Si uno se mete en el actual
debate económico sin tener los principios bien claros, la confusión está
garantizada. El debate nos llevará por derroteros técnico-financieros
aparentemente difíciles y complejos, que se harán progresivamente obtusos e incomprensibles a medida que intentemos
profundizar en ellos. En realidad, es de lo que se trata. Los argumentos económicos son planteados con esa apariencia de dificultad y
complejidad -y lo más alejadamente posible de las cuestiones de principio-,
porque “no estamos para teorías, y menos para utopías”, porque “ésto de la
crisis es urgente y de naturaleza eminentemente práctica”. Y así anda toda una
sociedad, secuestrada por esta lógica del discurso dominante, con obligada sujeción
a oscuras, poderosas e incuestionables fuerzas
externas (la Comisión
europea, los mercados, los inversores, la pareja Angela Merkel-Nicolás Sarkocy, las
agencias de evaluación financiera…) y otros honorables fantasmas, que nos cuelan machaconamente en los medios de
comunicación, para que los vayamos metabolizando adecuadamente.

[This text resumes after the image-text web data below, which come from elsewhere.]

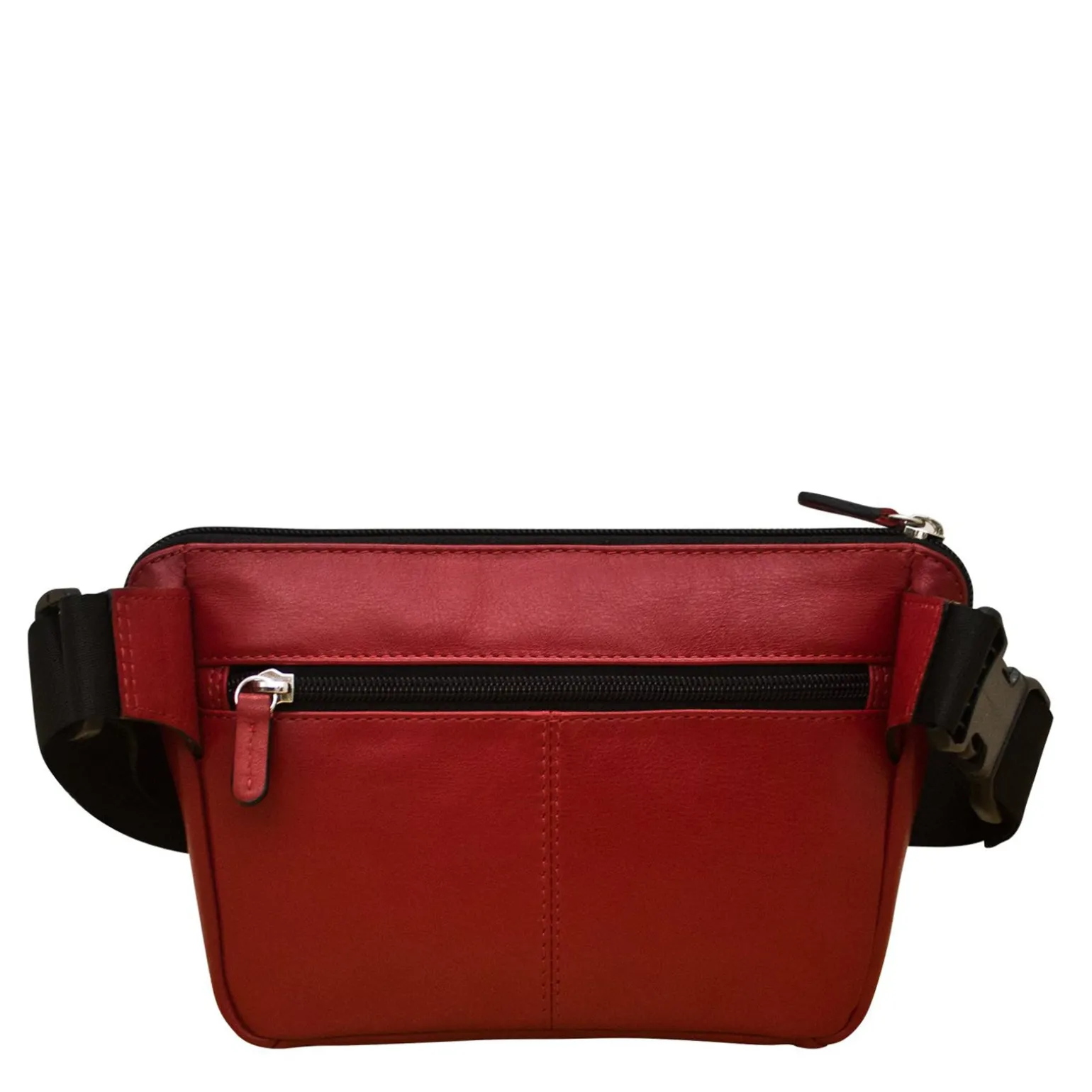 Women's ILI, Slim Belt Bag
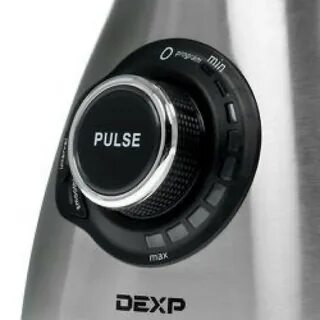 Dexp запчасти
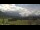 Webcam in Krün, 8.3 km entfernt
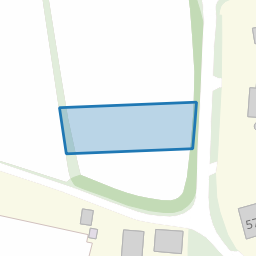 Perceel HLD01-L-6279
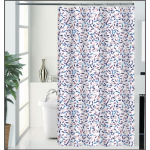 Штора  Savol S-HFG1820A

Pues bien, el Gobierno no ha terminado de
rematar las cuestiones de la reforma laboral y de las pensiones, cuando nos desayunamos con su posreforma
del sistema financiero patrio, que era muy
bueno hace nada y que ahora parece que está al borde del desastre por
culpa de las Cajas de Ahorro, por lo que han sido anunciadas medidas
drásticas para privatizar estas entidades,
inyectándolas más dinero público y/o
conviertiéndolas en bancos.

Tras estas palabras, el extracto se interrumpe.